My understanding is that the number 99.9% was calculated from the correlation between the spectra - treated as functions of the frequency. If these two functions were random, the confidence level would be very low. Because these two functions were much more correlated than two random functions of the frequency, they obtained a number that was so close to 100%. Please write down the exact formula - or AlGorithm - how 99.9% was calculated - if you know it.

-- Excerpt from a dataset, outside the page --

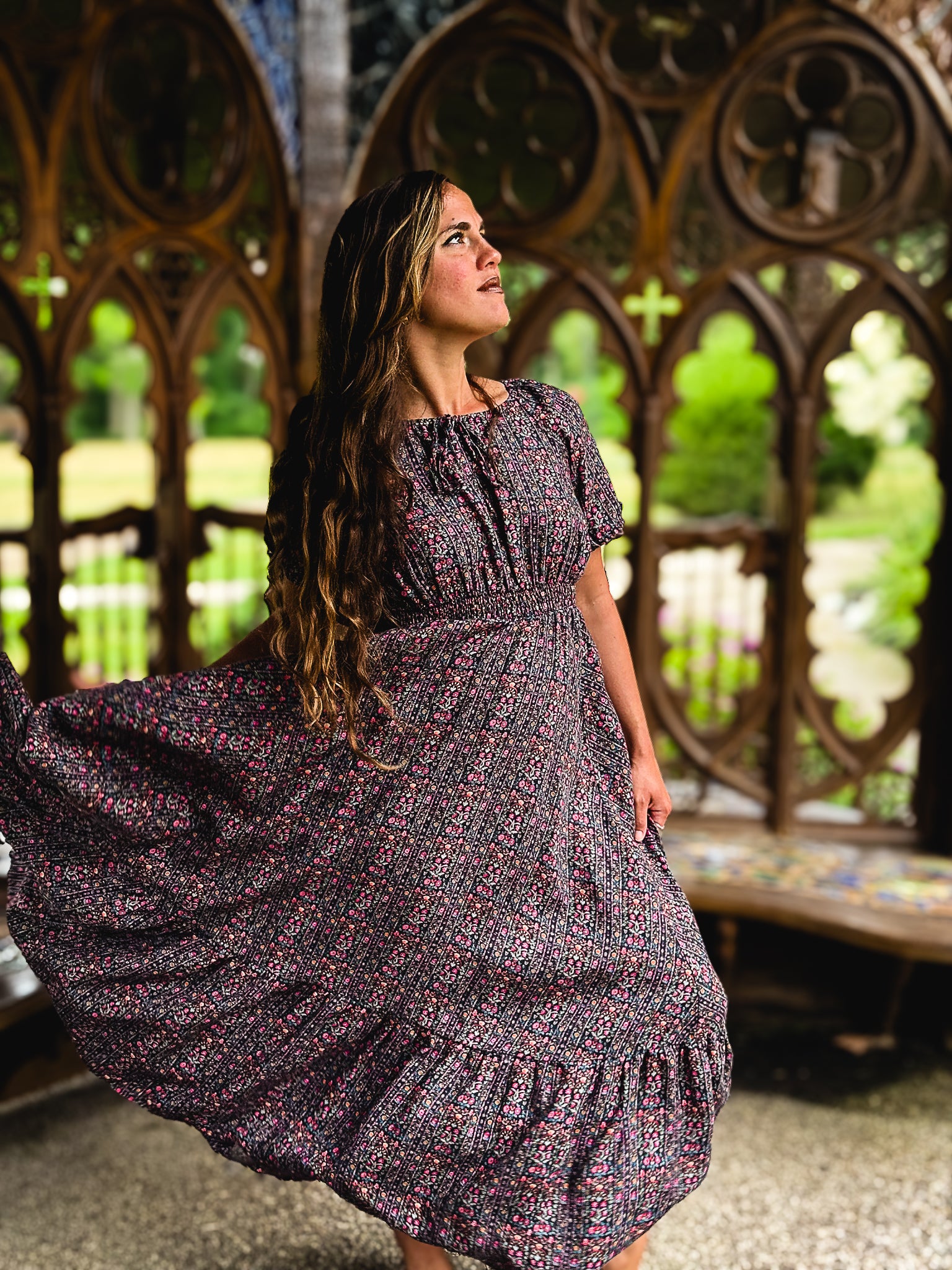 Woman in a floral modest nursing dress standing in front of a decorative stone wall with a garden view.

But it seems to me that the actual procedure that led to the 99.9% figure did not care about the "generic" correlation between the spectra of two galaxies. It is probably very usual that two galaxies, especially two nearby galaxies, have a very similar spectrum. They have typically very similar abundance of all elements and their isotopes - or, more or less equivalently, the same percentage of stars of different types.

My guess is that if the correlation between these two spectra were compared with the correlation of spectra of other pairs of galaxies, the agreement would look much less spectacular. And this elementary step has not been done, I think. So it seems to me that the figure 99.9% was just a meaningless Bayesian random number whose precise value depends on "priors". And the case of CSL-1 was an example of a highly unrealistic prior.

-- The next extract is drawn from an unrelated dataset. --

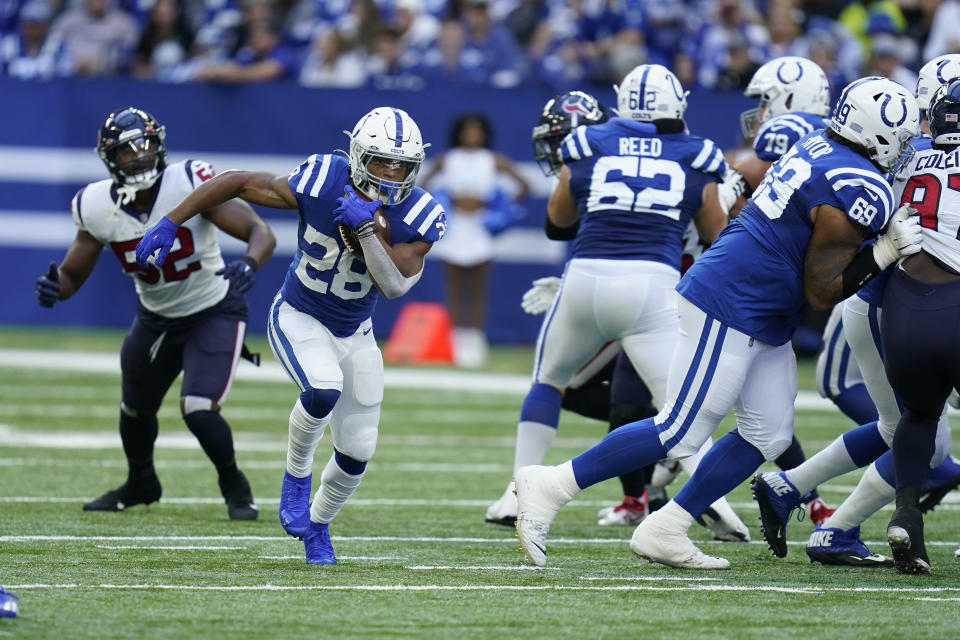 Indianapolis Colts' Jonathan Taylor (28) runs with the ball during the second half of an NFL football game against the Houston Texans, Sunday, Oct. 17, 2021, in Indianapolis. (AP Photo/Michael Conroy)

Incidentally, PRIOR were malls in the socialist Czechoslovakia. It stands for "Přijdeš rychle i odejdeš rychle": you come quickly and you leave quickly. ;-) For example, in the late 1980s, one could not even buy a toilet paper. Once PRIOR was bought by companies such as Tesco or K-Mart, these problems completely evaporated. Capitalism works, socialism doesn't.

Was it correct to think that the agreement of the spectra meant that the probability that the components were images of the same galaxy exceeeded 99.9%? I think it is accurate to say today that the probability that such a prediction was a correct conclusion was below 0.1%. ;-)

OK, let me assume that it was not a correct estimate of the "subjective" probability that the components were truly identical. Was there a better algorithm that Sazhin et al. could have used to get a more sober prediction of the probability that the images are completely identical, based on the spectral analysis?

I am afraid that the answer is No - unless we know everything about the distribution of all galaxies, their spectra, and all of their correlations, including the dependence of the correlation on the proximity and other quantities. More realistically, I am afraid that even the most elementary procedure was not made - the impressive correlation between the spectra was not compared with the correlation of the spectra of other pairs of nearby galaxies. Correct me if I am wrong.

Bayesian estimates of probability are never quantitative science. The numbers representing the likelihood always have a subjective meaning. They depend on subjective assumption and temporary knowledge, and they are not subject to objective science. But despite this general statement, the estimates of probabilities can be done more or less rationally, and because we know that CSL-1 was not a cosmic string, it seems that the 99.9% estimate was not made too rationally.

It reminds me of the Bayesian estimates of the space shuttle failures. As Feynman argued after the Challenger disaster, the predictions of an extremely low error rate could have never been justified rationally because they could not have been based on the frequentist understanding of probability.